Instructions for the task:
Repeat each record exactly. Any picture gets left out.
*** Opening Data records ***
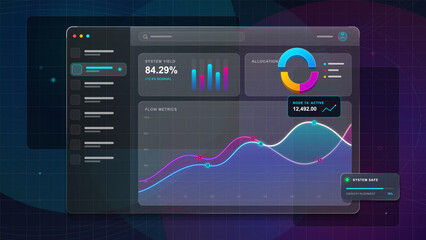 Fototapeta premium Data dashboard shows system yield, allocation, and flow metrics in a tech interface with graphs and statistics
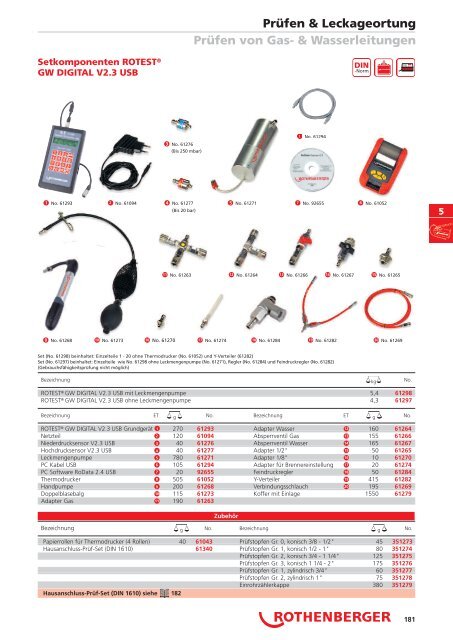 RODIA® Diamant- Kernbohren & Schneiden - Produkte24.com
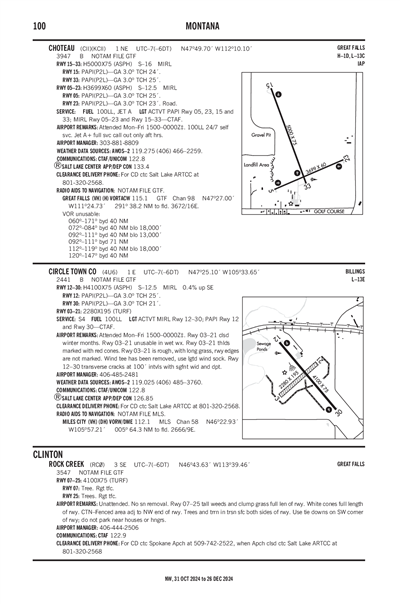 CIRCLE TOWN COUNTY - Airport Diagram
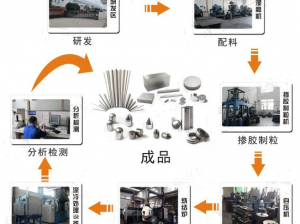 九一传媒制片厂的制作流程之产品介绍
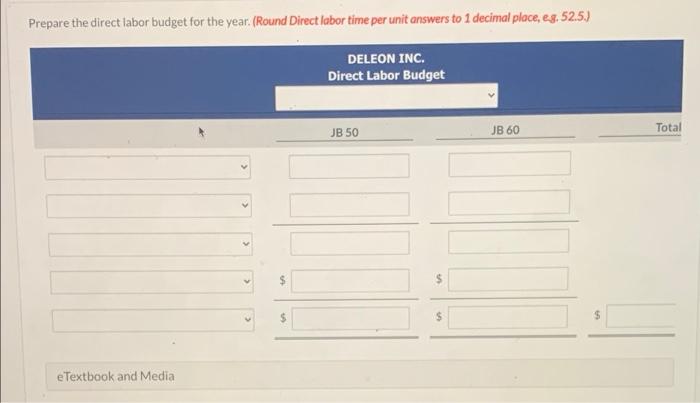 finished goods units Beginning finished goods units Direct materials budget: Direct materials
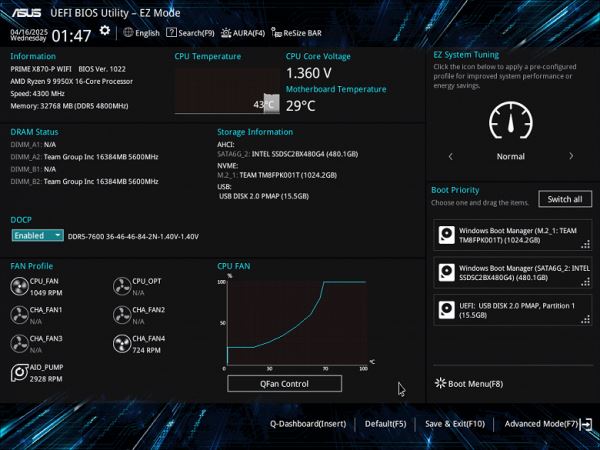 Обзор материнской платы Asus Prime X870-P WiFi на чипсете AMD X870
*** Closing Data records ***
Completed exercise:
 Fototapeta premium Data dashboard shows system yield, allocation, and flow metrics in a tech interface with graphs and statistics
 RODIA® Diamant- Kernbohren & Schneiden - Produkte24.com
 CIRCLE TOWN COUNTY - Airport Diagram
 九一传媒制片厂的制作流程之产品介绍
 finished goods units Beginning finished goods units Direct materials budget: Direct materials
 Обзор материнской платы Asus Prime X870-P WiFi на чипсете AMD X870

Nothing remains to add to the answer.